President Nicos Anastasiades has said his compatriots’ experience of war, division and ongoing Turkish occupation underpins local compassion towards Ukraine.

But EU diplomats and analysts say official condemnation of Russia’s move towards war was slow at first. “Russia was not mentioned by name because they didn’t want to offend a power perceived to be pro-Greek Cypriot in the UN security council even if, in reality, Moscow has no interest in a solution of the Cyprus problem since keeping the island divided and out of Nato suits it just fine,” says Hubert Faustmann, professor of history and political science at the University of Nicosia.

It was only when, days before the invasion, Putin recognised the self-proclaimed Donetsk and Luhansk “people’s republics” as independent states that alarm bells sounded in government circles. “It was too close to the situation here,” Faustmann says, referring to the breakaway Turkish republic of northern Cyprus that unilaterally declared independence in 1983, nine years after Ankara sent in troops prompted by a coup aimed at uniting the island with Greece.

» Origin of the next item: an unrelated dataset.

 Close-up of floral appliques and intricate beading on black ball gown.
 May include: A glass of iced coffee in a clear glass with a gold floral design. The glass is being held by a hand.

For a country so dependent on tourism, Cyprus will pay a heavy price for its support of sanctions.

The island’s GDP is projected to contract by 2%, largely because of the closure of Cypriot airspace to Russia, the island’s second largest tourist market after the UK. “Tourism accounts for 20% of our GDP and it has become increasingly dependent on Russians,” says Philokypros Roussounides, the Cyprus Hotel Association’s director general. “Before Ukraine, we were talking of a 10%-to-15% increase in Russians and Ukrainians who together make up around 22% of our entire tourism pie. The impact is definitely going to be big.”

Stanislav Osadchiy, Moscow’s longtime ambassador to Cyprus, has already said that Nicosia has “shot itself in the foot” by backing measures “aimed at demonising” his country. After predicting Russian tourists would instead head to Turkey, which has not endorsed the flight ban, he made clear that Moscow was watching Cyprus closely.

“Everything will be taken into account [including] those measures that Nicosia will take in relation to our country,” he told Phileleftheros, a Cypriot daily. “For our part, we will try to maintain those good relations which were previously formed. We hope that Nicosia will respond in a similar way.”

Kasoulidis is sanguine. “All EU member states have some impact from the sanctions. They were unavoidable and we all agreed in unanimity about them,” he says, insisting that while Nicosia has reserved the right to lift the ban on Russian flights, if Turkey fails to follow suit, he does not think it would.

“We are working to bring tourists in from other areas. It is anyway better to diversify our sources.”